Primary LanguagePythonBSD 3-Clause "New" or "Revised" LicenseBSD-3-Clause

CreamPy

A set of tools that help you de-duplicate images that differ slightly.

Project Goals

  • Support BMP, JPEG, and PNG.
  • Create diffs between images.
  • Automatically group together the most similar images.
  • Build a graph of images such that changes between images in a set that occur in more than one pair of images need only be stored once.
  • Recreate the original image set with no loss of data.
  • Preview base images easily.
  • Ultimately, define a format that can be used to reliably store a de-duplicated data set.
  • Perform benchmarks against popular archive formats.

Why?

I have lots of BMP, JPEG, and PNG image sets that are largely the same image duplicated and modified.

  • PNG

In the case of PNG images, each image is compressed individually with zlib.

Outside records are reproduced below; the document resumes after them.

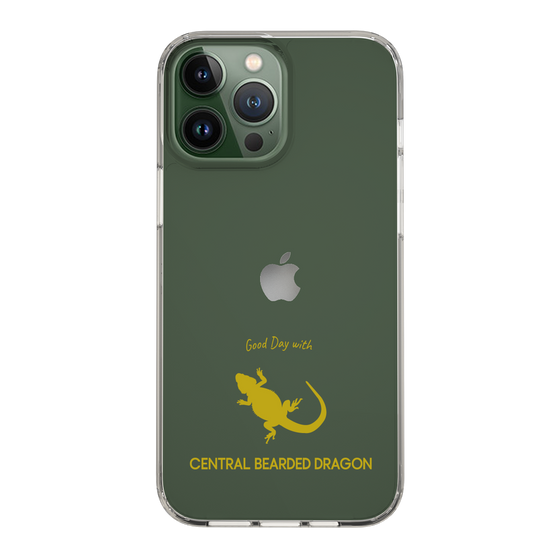 Slim Protection Case［ &UCHINOCO - Bearded Dragon ］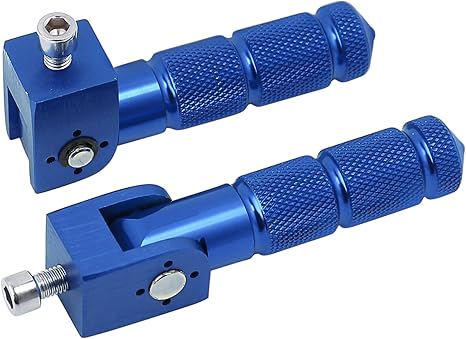 Foot Pegs Foldable (Rear)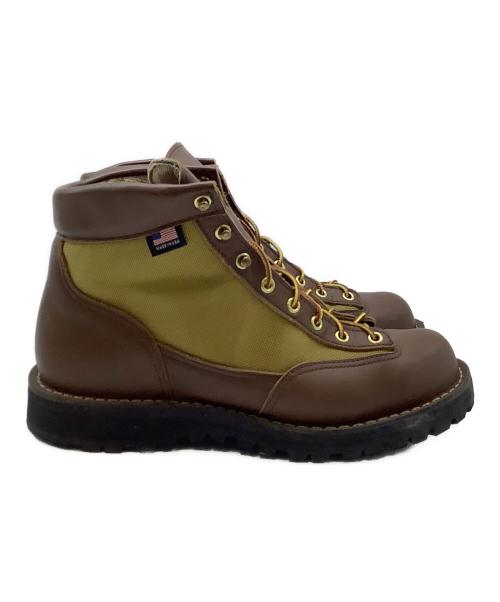 Danner（ダナー）Danner (ダナー) DANNER LT III KHAKI ブラウン×カーキ サイズ:9の古着・服飾アイテム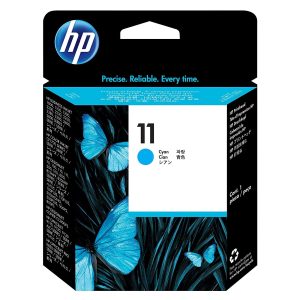 Cabezal HP 11 (C4811A) Cyan  24,000 paginas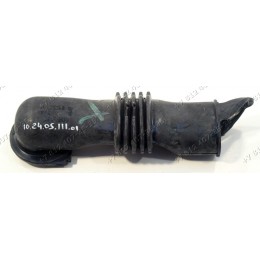 Патрубок налива стиральной машины Indesit FMUG502BIT, FMUG502EU, FMUG502WPL, Ariston, Whirlpool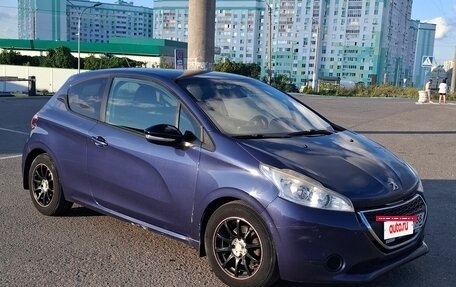 Peugeot 208 II, 2013 год, 520 000 рублей, 2 фотография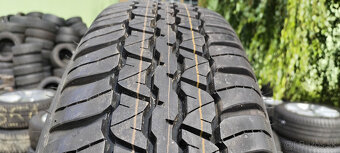 Celoročné pneu 245/75 R17 --- DUNLOP - 5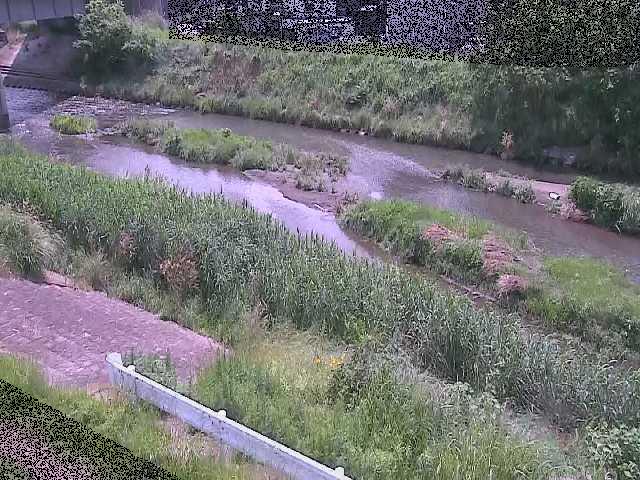 東橋付近のカメラ画像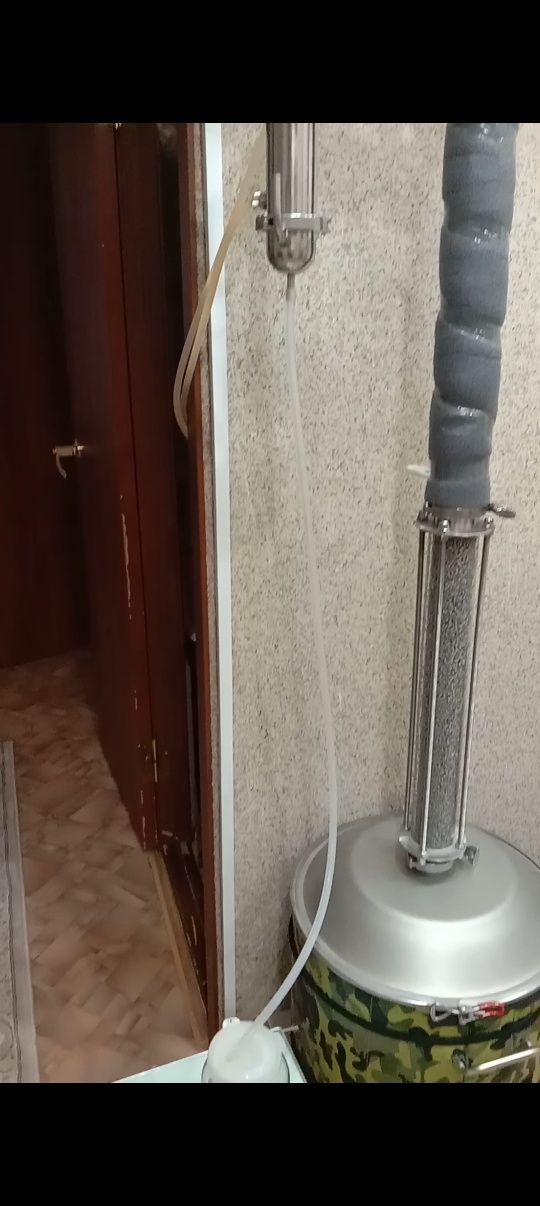 Дистиллятор Люксталь 7 м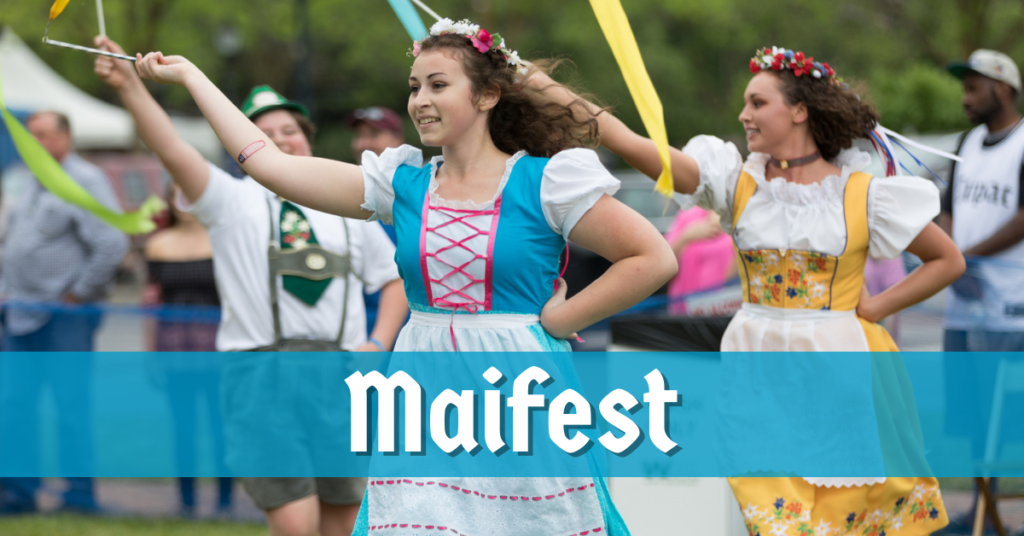 Prost Your Way to Spring: Celebrate Leavenworth's Maifest Like a True Bavarian!
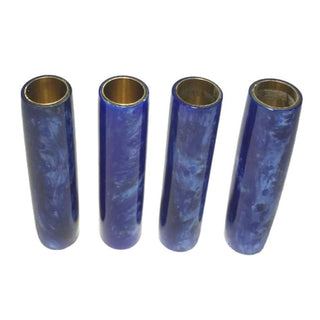 Kirinite Pen Blank - Deep Blue Ice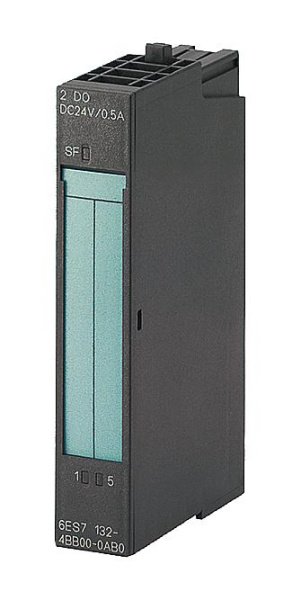 Модуль дискретного вывода Siemens SIMATIC ET 200SP 6ES7132-4BF00-0AA0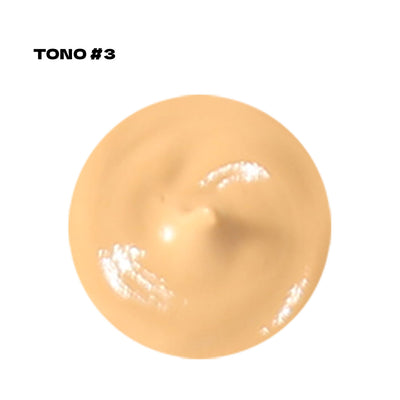 Refill Base Líquida SPF+10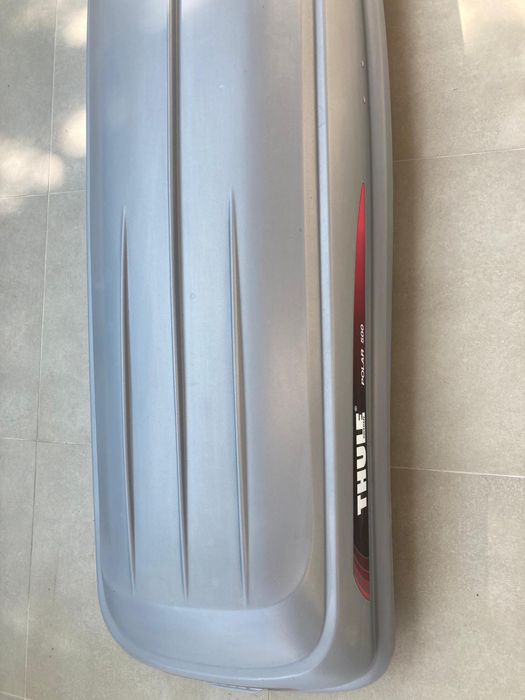 Porta bagagem de tejadilho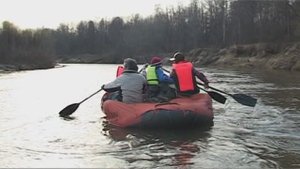 Сплав по Илети 1-3мая2010г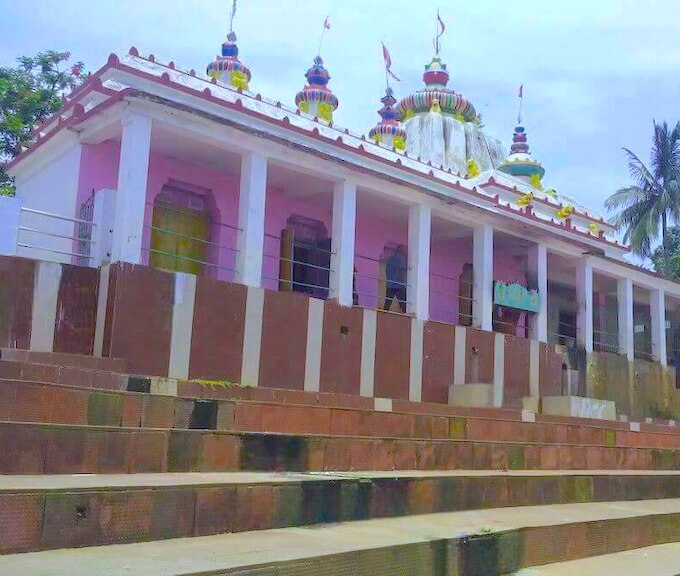 Saptamatruka Temple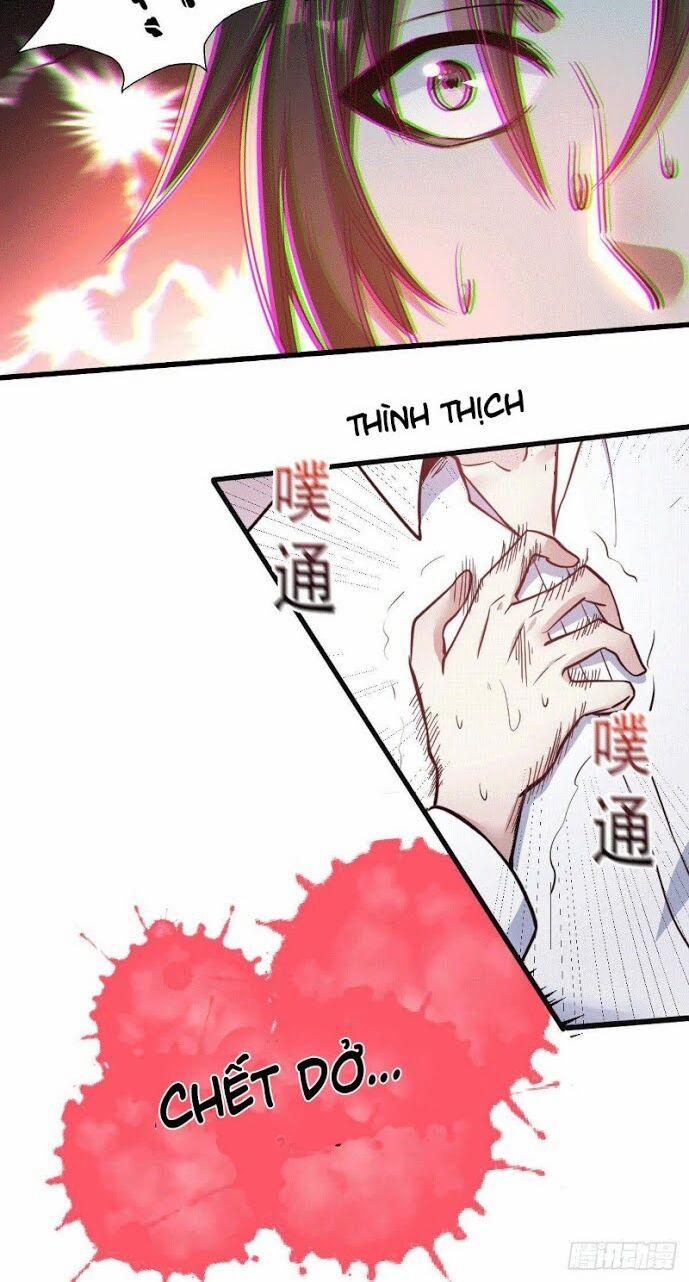 Thần Chiến Tranh 3 trang 8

Small changes to individual images produce wildly different ouputs, making it difficult for lossless compression algorithms to find the hidden redundancy. At the moment I can convert my PNGs to BMP and then compress them as a solid archive, but then file previews are impossible without decompressing the entire archive up to that point.

  • JPEG

In the case of JPEG images, an unscientific test in which I losslessly compressed two similar JPEG files into one LZMA archive saved only 3% space. Realistically speaking, the creators of these images are saving these with the same quality settings and optimizations, so the MCUs should be identical. At the very least, opening them in an image editor reveals that each 8x8 pixel block is, in fact, identical in most areas. I don't know what tripped up LZMA in this case.

  • BMP

This one should be fairly obvious by now.